The cccDNA persistence in the pathogenesis of HBV has substantial clinical implications. Previous research has shown that HBV reactivation is caused by persistent cccDNA in individuals with hepatitis B that rely on immunosuppressive drugs. Chronic HBV infection is also hampered by HBV cccDNA. Although there has been an emergence of effective NAs, HBV is unable to be treated alone with NAs. Various affected individuals with chronic hepatitis B need to take NAs for a long time, if not forever. The molecular pathways that regulate cccDNA formation and regulation must be understood. The molecular mechanism gives a mechanistic understanding of its stability and its maintenance. Novel compounds that target the stable cccDNA reservoir or hepatocytes having cccDNA may be promising in eradicating persistent cccDNA for the remedy of CHB disease.

Concluding Remarks

The majority of current treatment goals for a functional cure is demonstrated with the dearth of HBsAg. The ideal purpose of an HBV cure with cccDNA impairment is advantageous, but it is extremely cumbersome to achieve this feat. In this context, significant development has been achieved in the biology and molecular mechanism of HBV cccDNA, for example, the recent breakthroughs of novel factors affecting the host as well as hitherto enigmatic mechanisms of cccDNA transcription epigenetic maintenance. Several cccDNA-targeting techniques are in the preclinical or early clinical stages of research (examples shown in Table ). Considering the heterogeneity of the replication cycle of HBV and combination therapy, amalgamation of immune targeting and direct-acting antiviral approaches are likely to be vital for HBV treatment, together with the removal of HBV cccDNA. More research is required to fully comprehend and evaluate the efficiency and safety of treatment possibilities in clinical trials. Developing therapeutic medicines is a realistic aim that can naturally remove HBV disease. A better knowledge of these mechanisms in patients may open up new avenues for curative treatments, such as cccDNA eradication.

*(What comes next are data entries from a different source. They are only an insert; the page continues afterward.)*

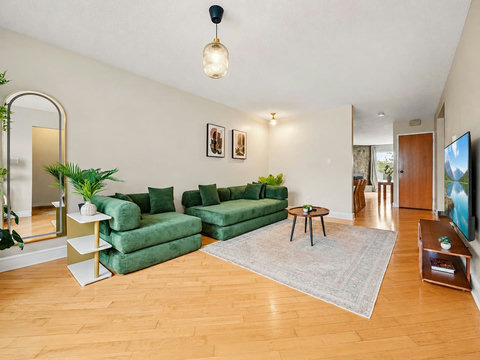 Comfortable living space with a stylish green sectional and warm wood flooring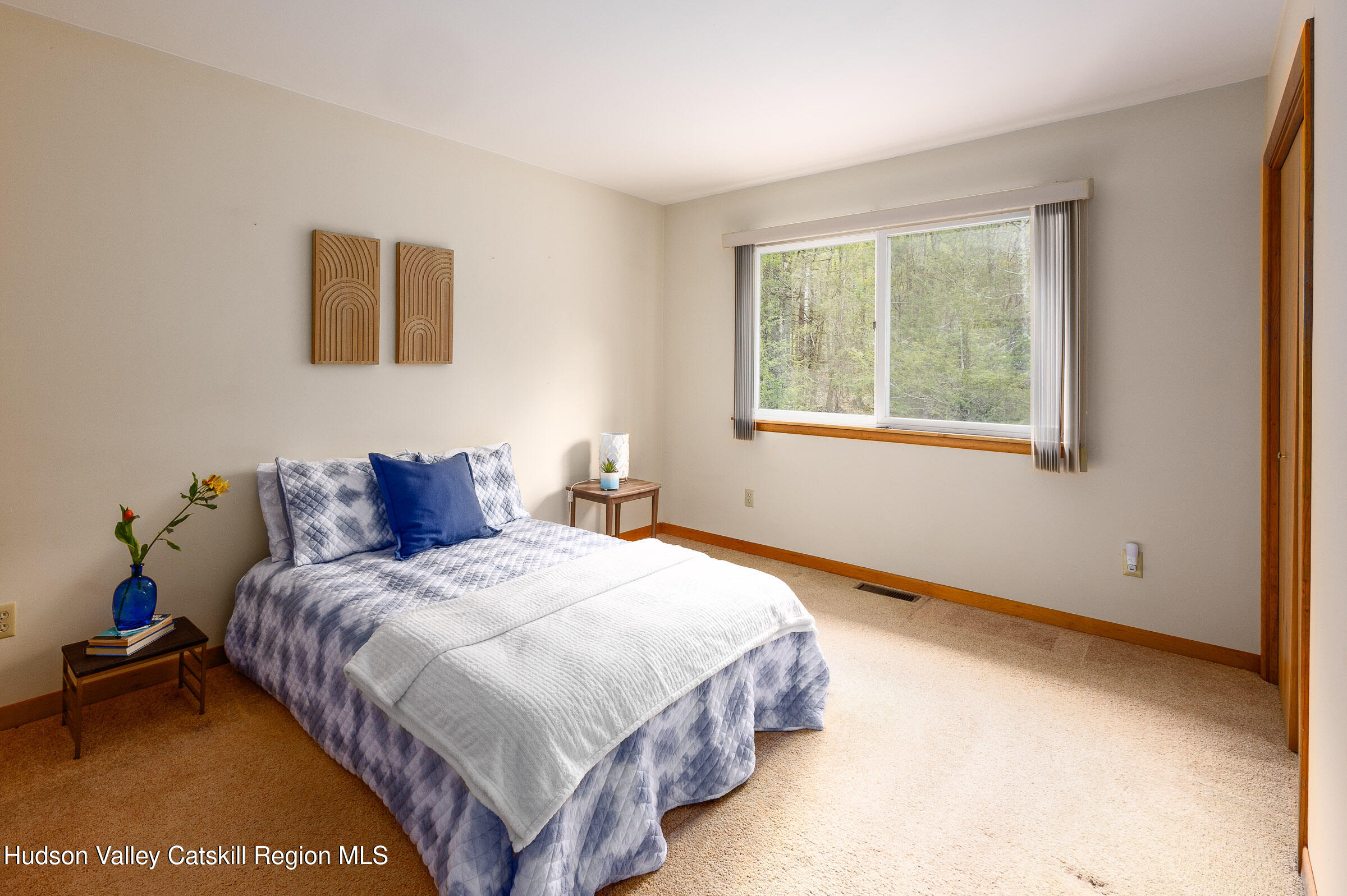 170 Macdaniel Road Woodstock, NY 12498 - Photo 14 of 31 a bedroom with bed and a window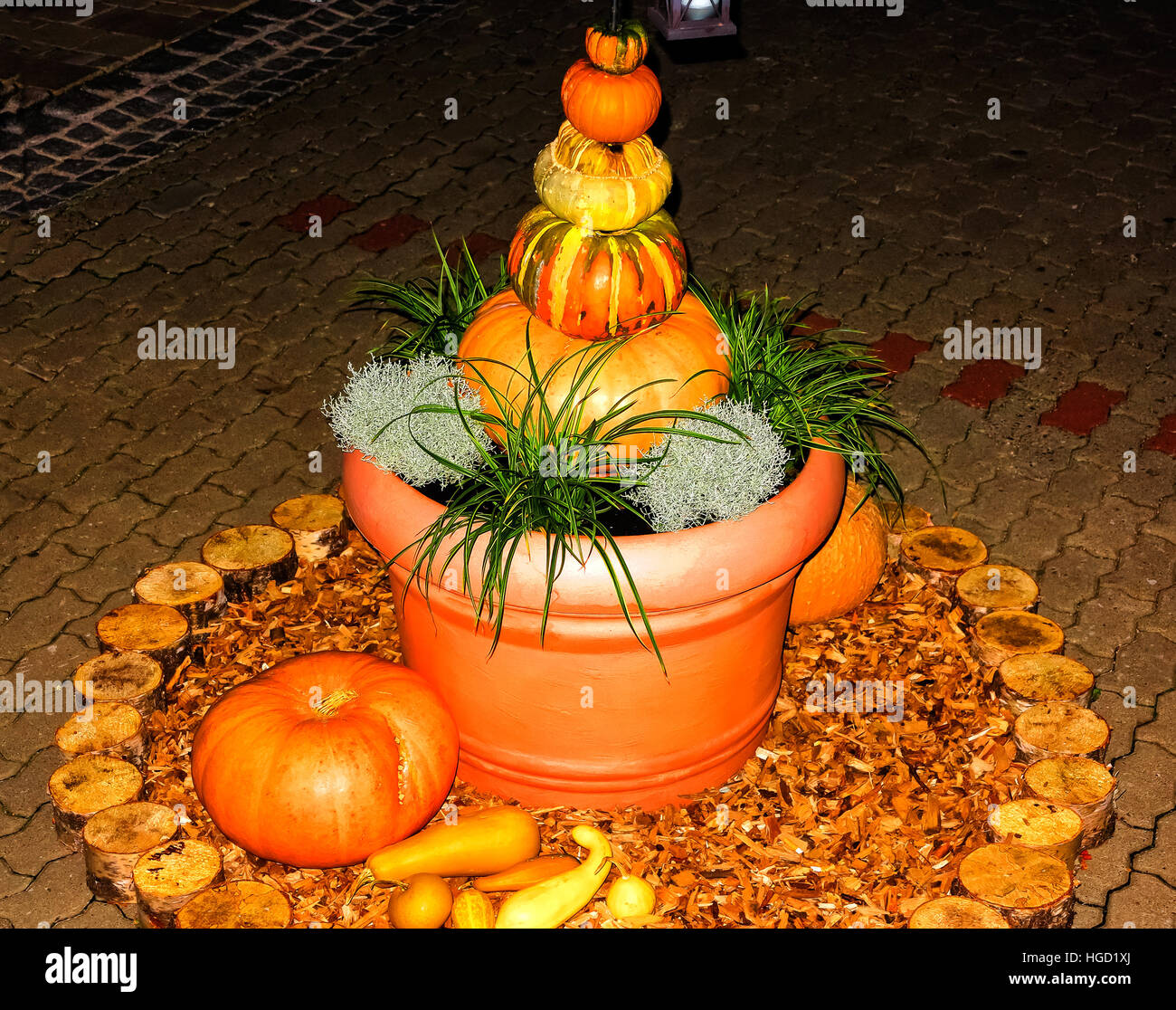 Brightly lit pumpkin pyramid in flowerpot Stock Photo
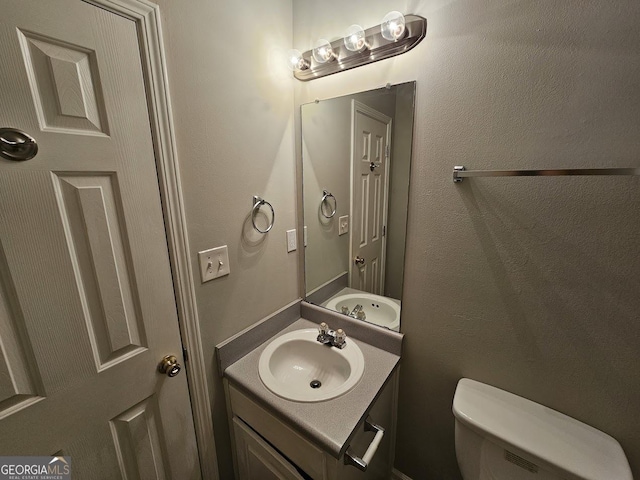 bathroom featuring toilet and vanity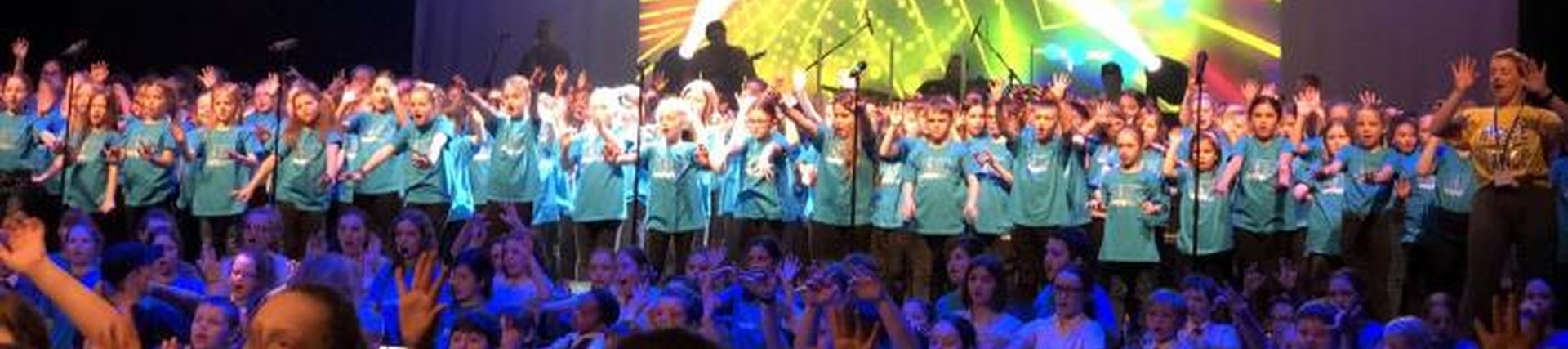 Children singing on stage in a concert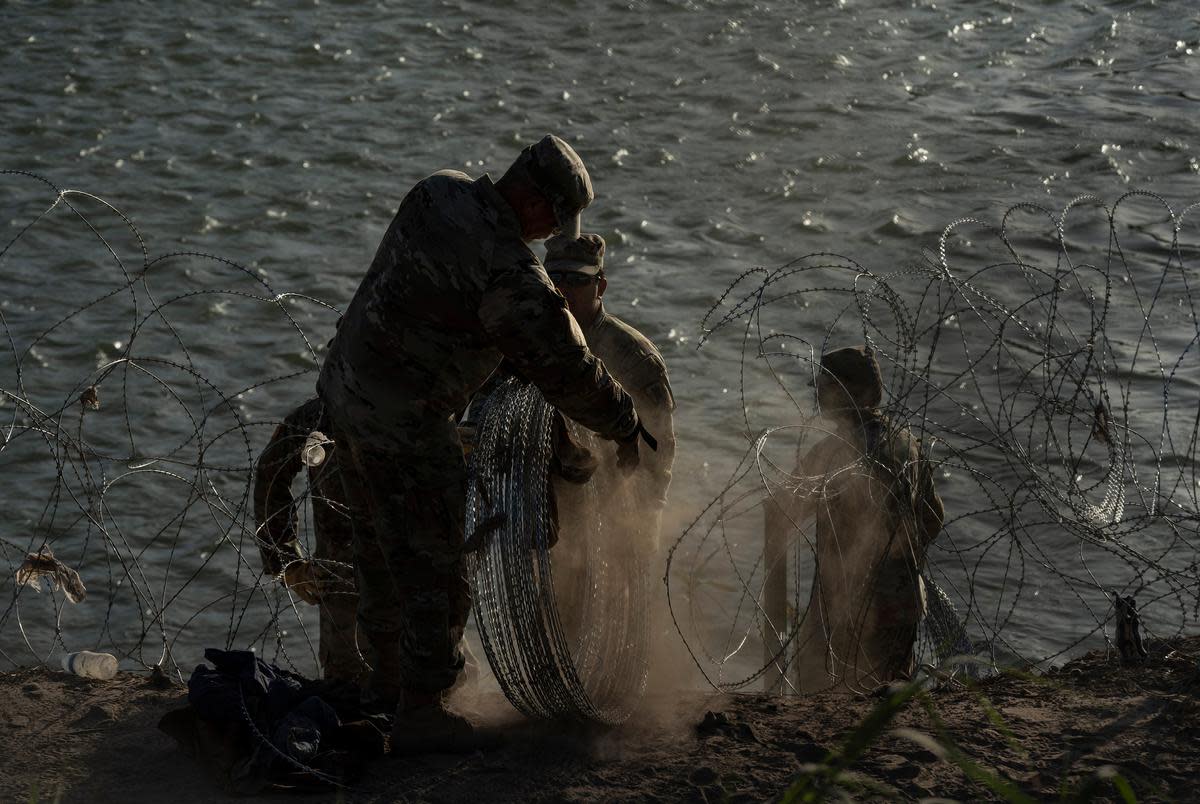 National Guard members install concertina wire along the river bank on private property owned by the Urbinas in Eagle Pass, Texas on July 28, 2023. 
Verónica G. Cárdenas for The Texas Tribune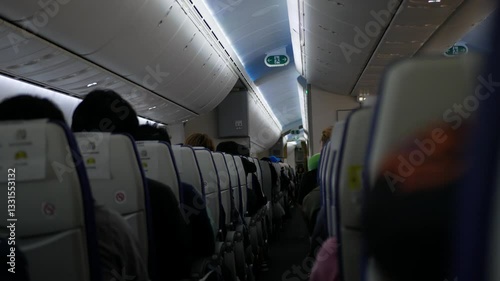 interior inside airplane aeroplane's cabin aisle while flying with shaking turbulence while fly through rough weather windy situation.emergency situation on the airplane while operating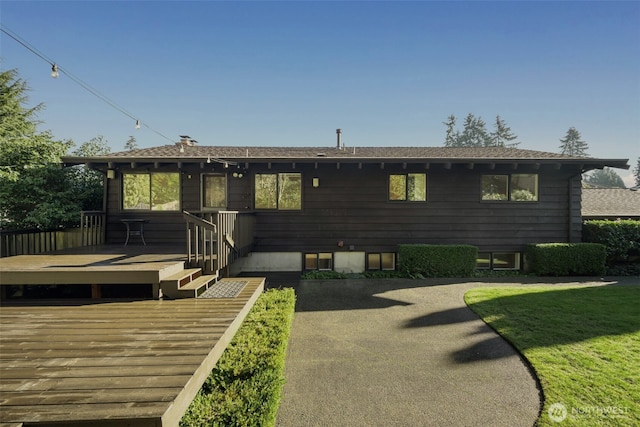 back of property with a deck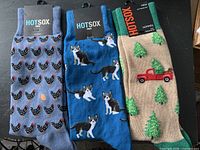 Three pairs of Hot Sox men’s graphic crew socks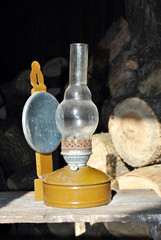Old kerosene lamp standing in old barn with firewood, retro background texture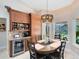 Cozy breakfast nook with custom cabinetry, wine fridge and a nice view of the pool at 1682 Wingspan Way, Winter Springs, FL 32708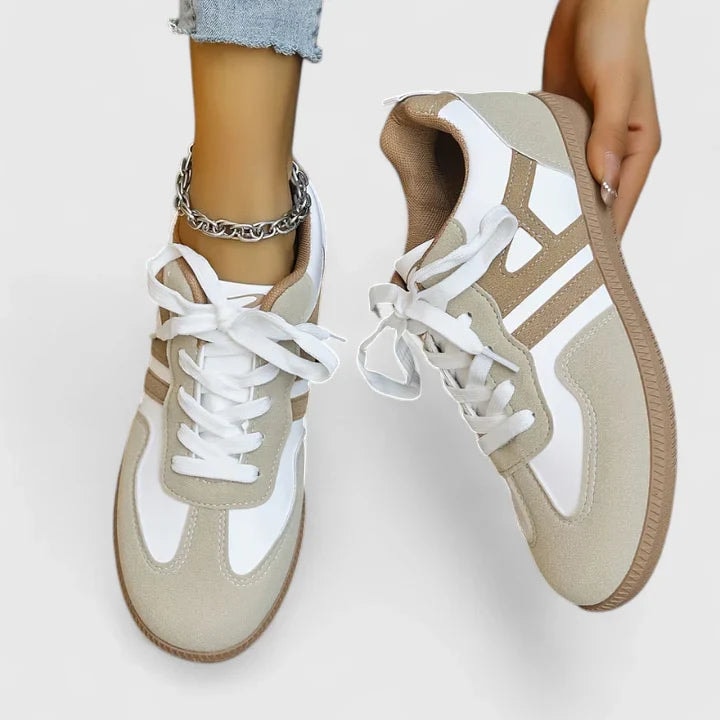 Vista superior de las zapatillas casuales beige y blancas, con cordones blancos destacados y paneles laterales geométricos en contraste.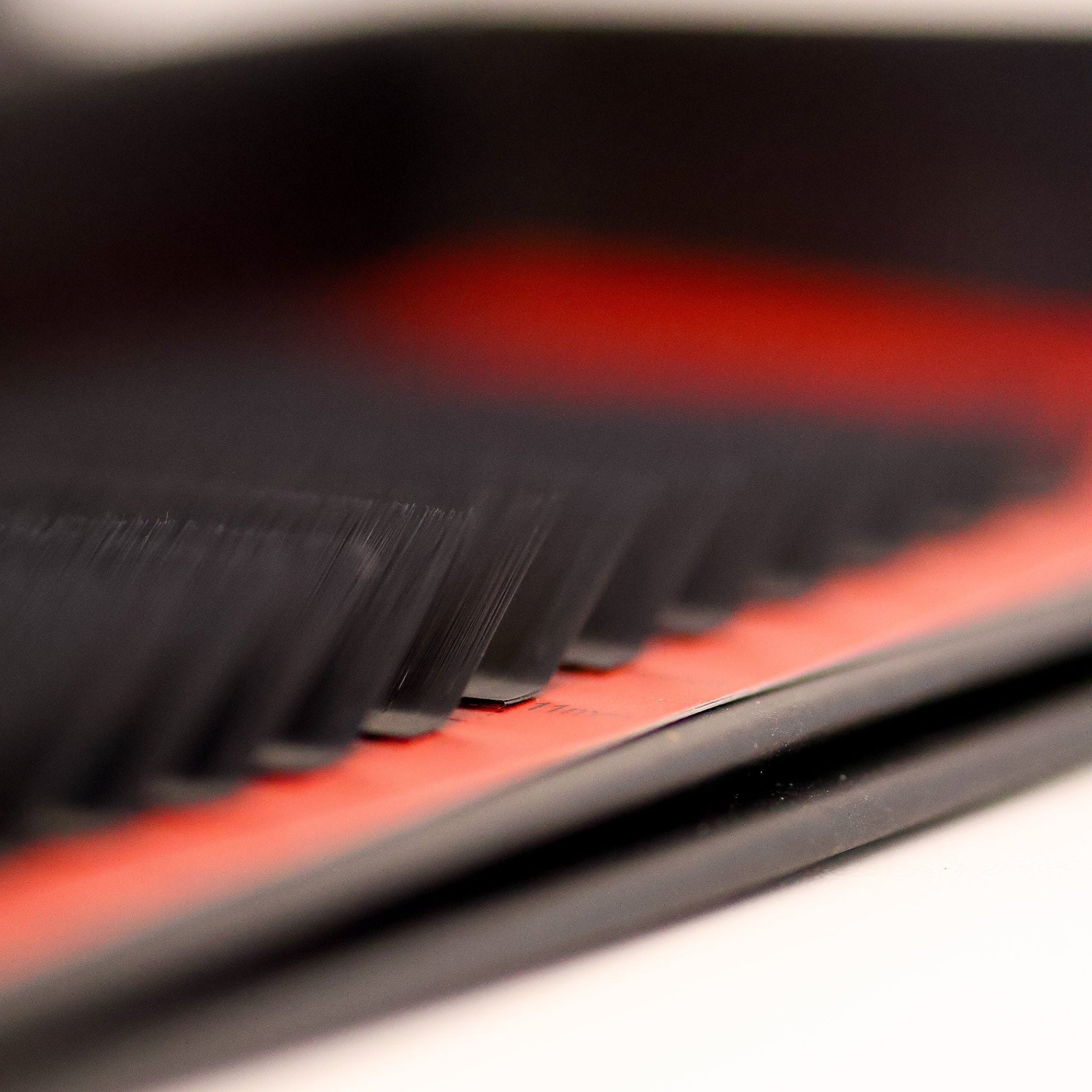 Ultra close-up side view of L curl lash extensions on red Ladybug Lashes tray showing flat bases and sharp L curl angle from low angle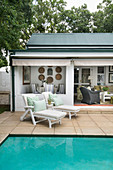 Two loungers on terrace next to swimming pool with open terrace doors leading into living room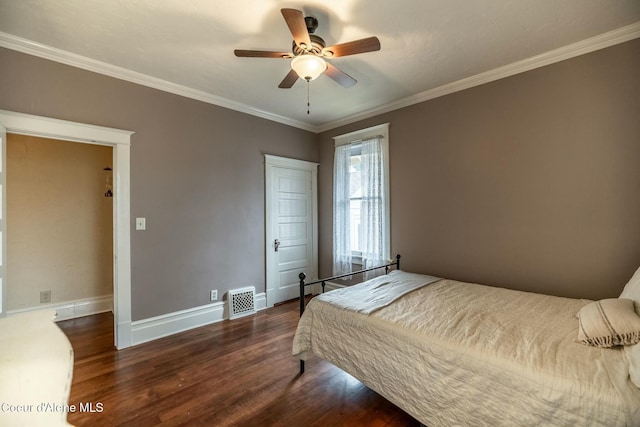 bedroom featuring visible vents, ornamental molding, ceiling fan, wood finished floors, and baseboards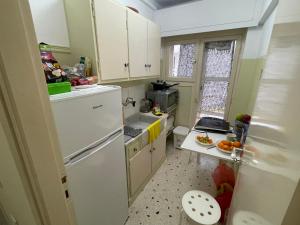 a kitchen with a white refrigerator and a sink at Loutraki, Poseidonos seaside Apartments in Loutraki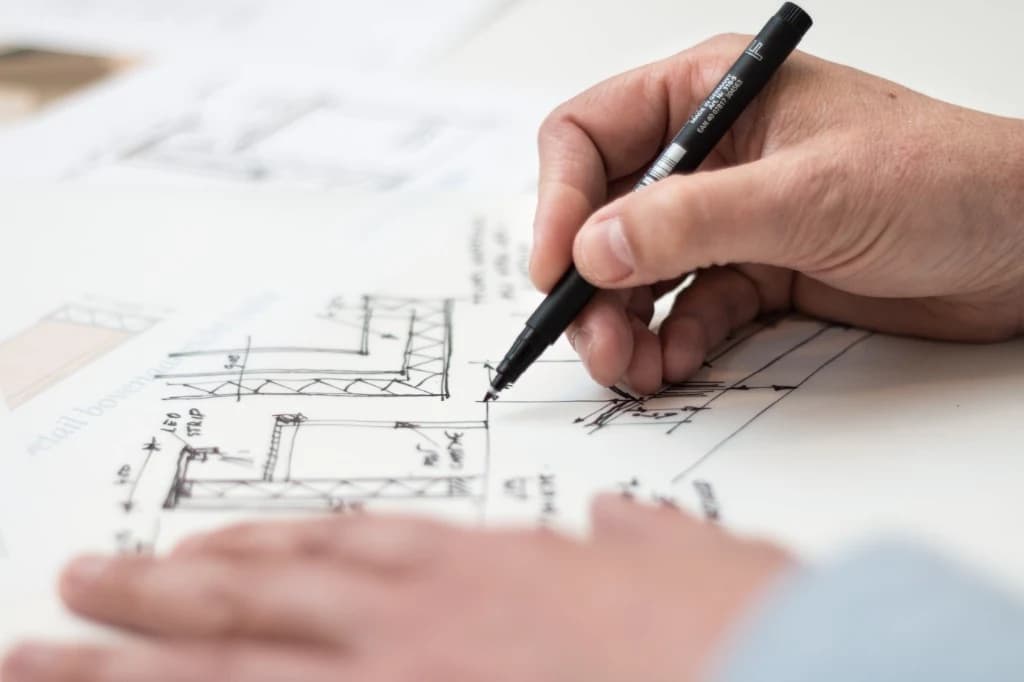 Architect sketching home construction plans in Forest Hill, Toronto
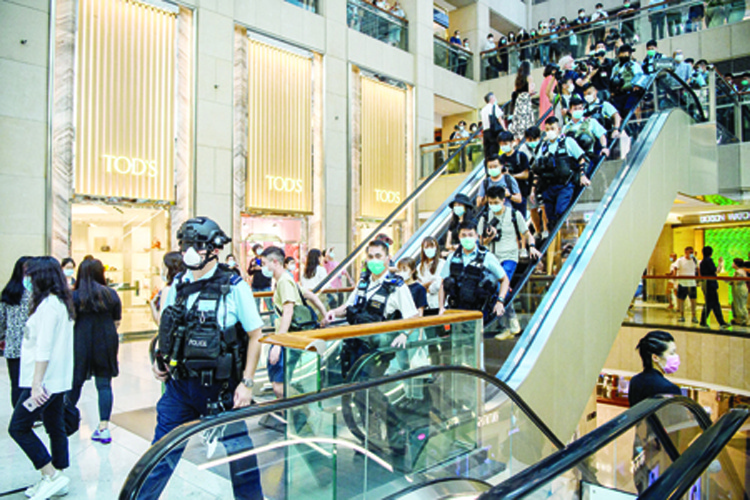 Police enter a shopping mall to disperse people attending a lunchtime rally in Hong Kong on June 30, 2020, as China passed a sweeping national security law for the city. - China passed a sweeping national security law for Hong Kong, a historic move that critics and many western governments fear will smother the finance hub's freedoms and hollow out its autonomy. (Photo by Anthony WALLACE / AFP)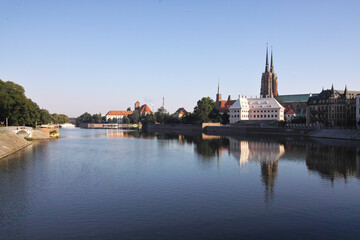 Odra river and tree on Ostrow Tumski in the morning fog. Sunrise over river. Wroclaw.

In conclusion, the goal of HBV treatment is to disable or completely inactivate cccDNA. However, overcoming the off-target issue and discovering routes to in vivo delivery are the most pressing concerns that must be emphasized before adopting tools of gene editing for an HBV cure. Furthermore, the lack of solid, trustworthy, and experimental models of HBV cccDNA has slowed the progression of cccDNA therapeutics for a long time. Scientists recently developed a cell line from HepG2-derived cell lines by integrating 2–60 copies of the monomeric HBV genome, allowing for the production of cccDNA and detection with gene-specific primers. The cell line development will give a suitable in vitro model for testing molecules that target cccDNA. However, both genome editing techniques and epigenetic alteration treatments have hurdles, and there is still a long way to go from fundamental research to clinical relevance. It is quite possible that we will be able to cure HBV in the future, comparable to the hepatitis C virus cure.